#### Goal of the exercise
Each line below from the line with "Nokia 3.4 (ảnh: Tech Radar)" to the line with "Various - Disney" must be copied exactly, including those two, and no picture may appear in the copy.

#### Extracted data
++++

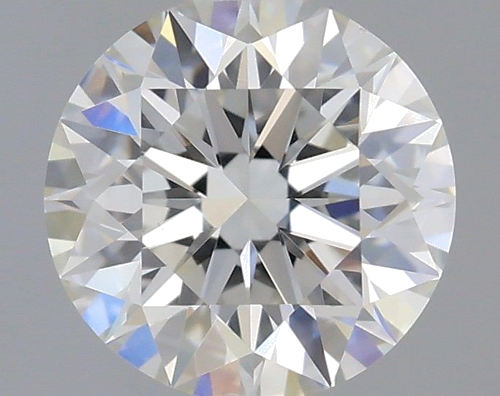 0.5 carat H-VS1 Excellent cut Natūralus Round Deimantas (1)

++++

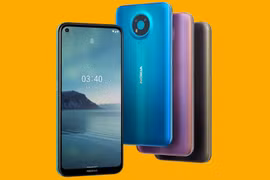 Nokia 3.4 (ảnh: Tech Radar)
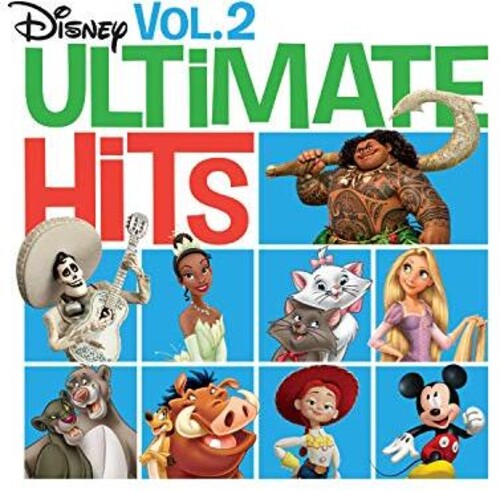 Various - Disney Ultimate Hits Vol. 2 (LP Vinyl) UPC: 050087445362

++++

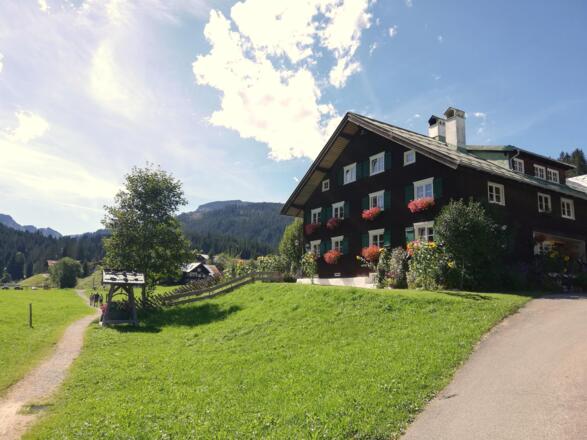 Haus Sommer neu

++++

#### Result
 Nokia 3.4 (ảnh: Tech Radar)
 Various - Disney Ultimate Hits Vol. 2 (LP Vinyl) UPC: 050087445362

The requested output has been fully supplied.